[ASSIGNMENT]
Skip every picture, and copy exactly the lines from the one containing "DURAS_Château_Drone" to the end of the data.

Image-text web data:
==*==

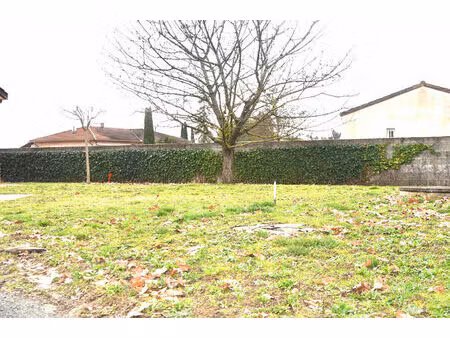 vente terrain 385 m² rabastens (81800)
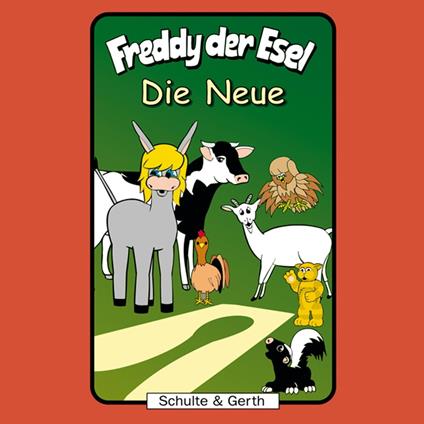 38: Die Neue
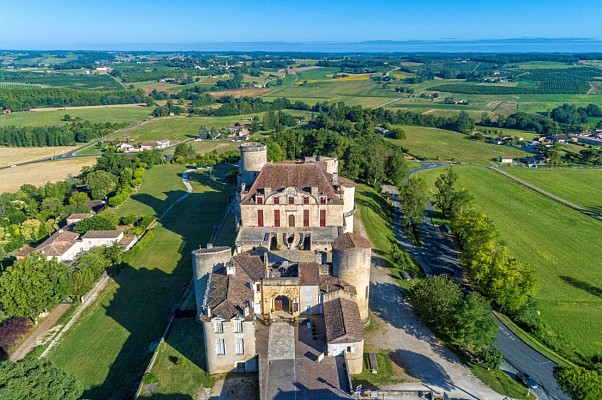 DURAS_Château_Drone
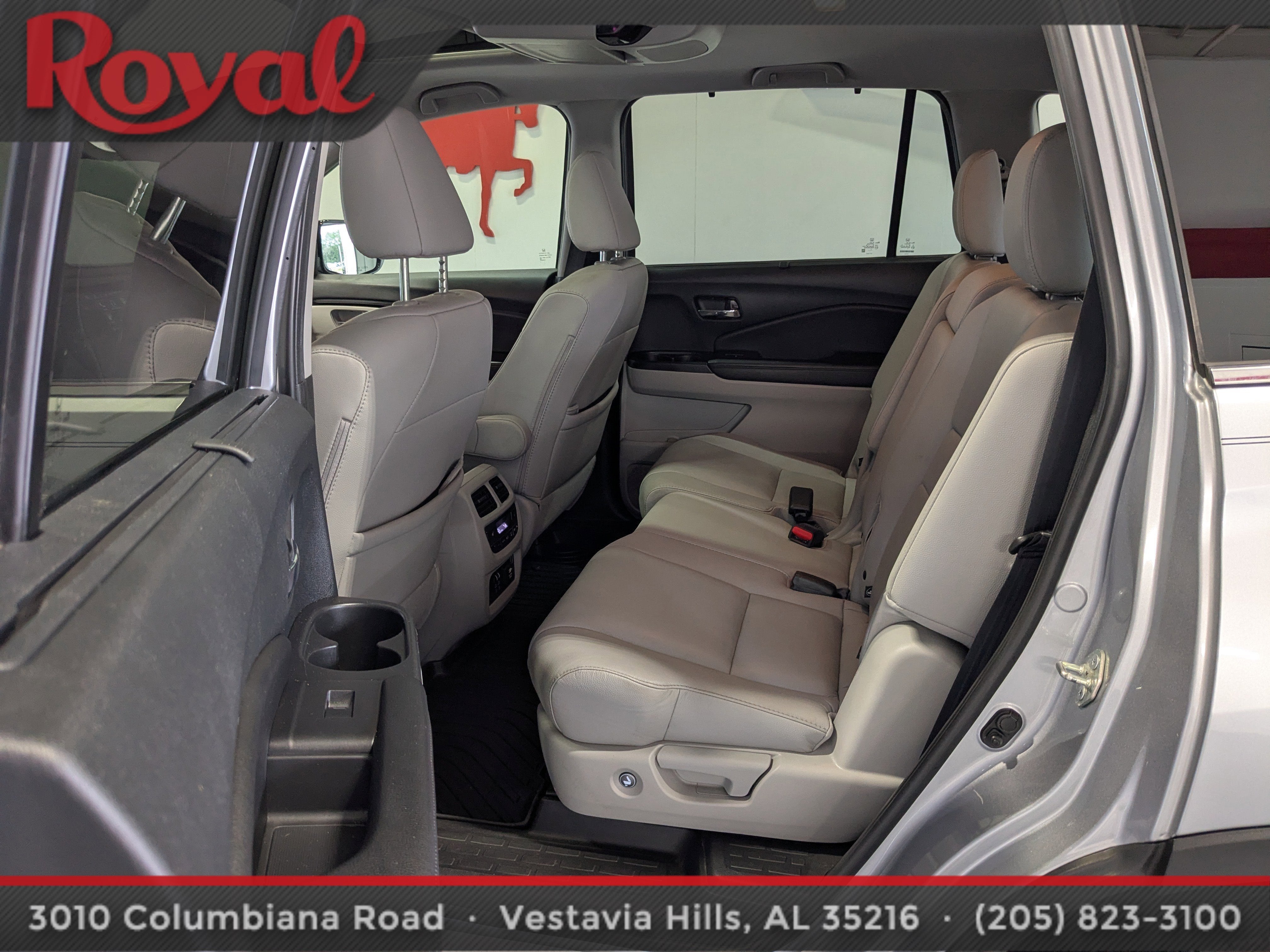 2020 Honda Pilot Touring 8-Passenger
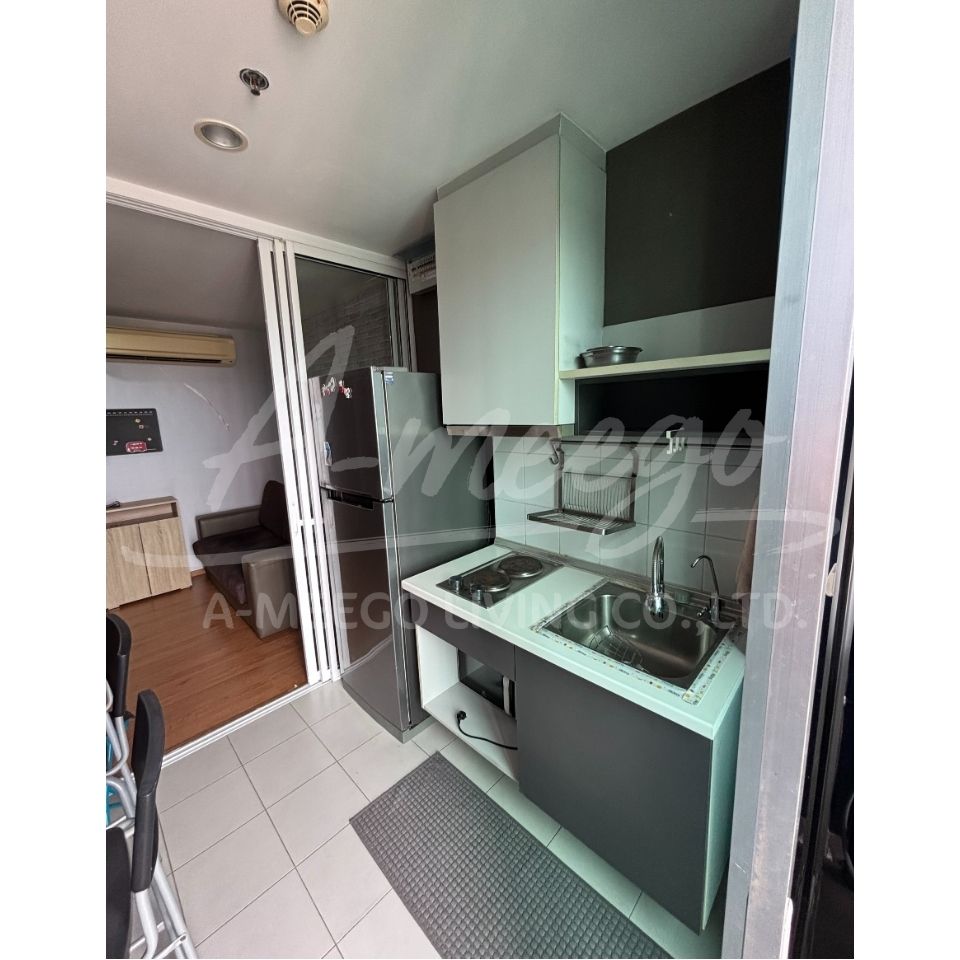 The Base Sukhumvit 77 1bdr/1Bth/30Sqm/20Flr/BldB For Rent
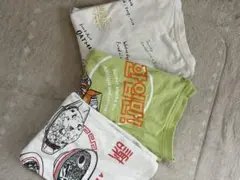 devirock Tシャツ 130cm 3枚セット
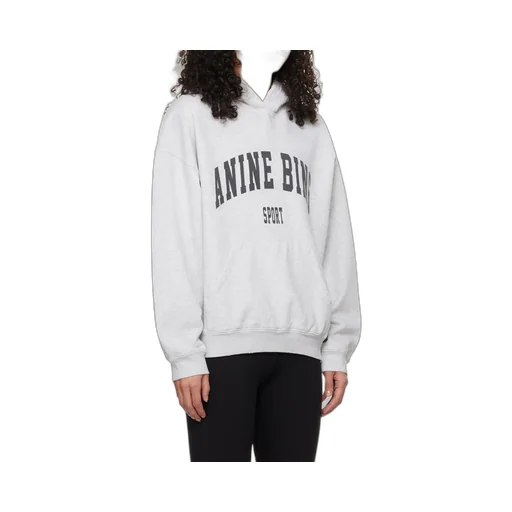 Harvey Logo Patch Hoodie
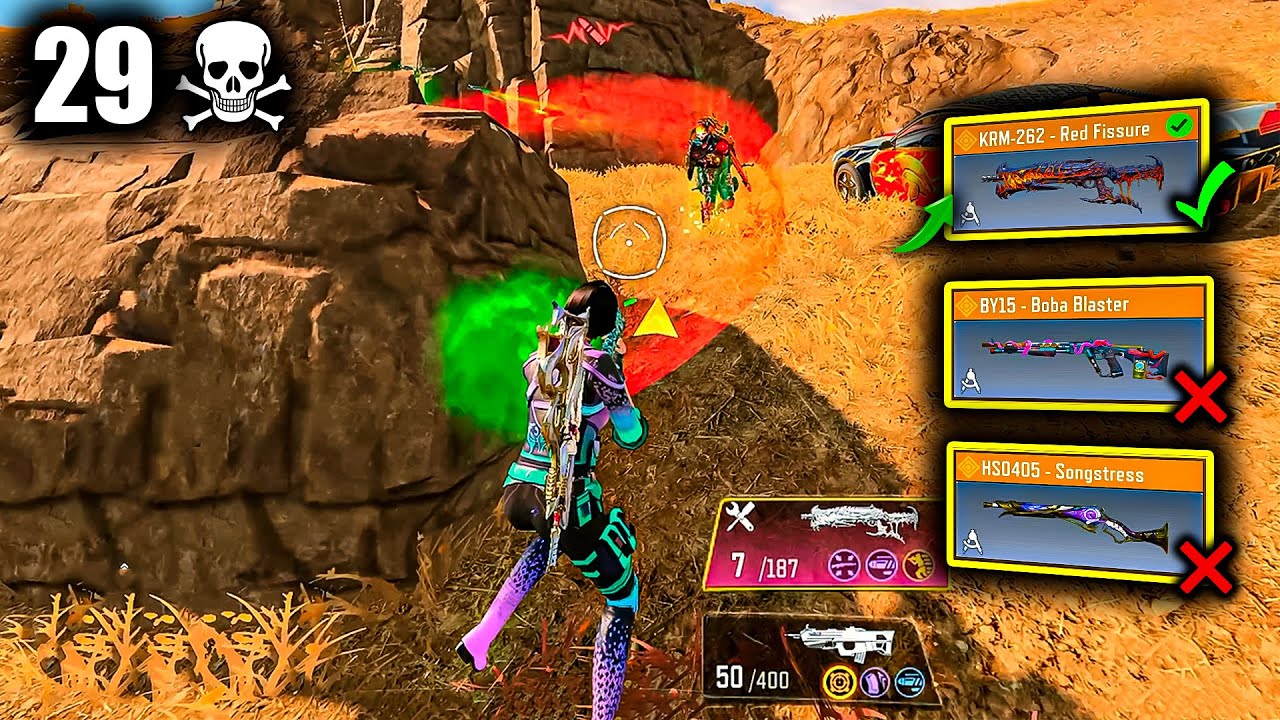 &iquest;La KRM-262 es la NUEVA REINA de las escopetas? | COD MOBILE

==*==

[RESPONSE AREA]
 DURAS_Château_Drone
 2020 Honda Pilot Touring 8-Passenger
 The Base Sukhumvit 77 1bdr/1Bth/30Sqm/20Flr/BldB For Rent
 devirock Tシャツ 130cm 3枚セット
 Harvey Logo Patch Hoodie
 &iquest;La KRM-262 es la NUEVA REINA de las escopetas? | COD MOBILE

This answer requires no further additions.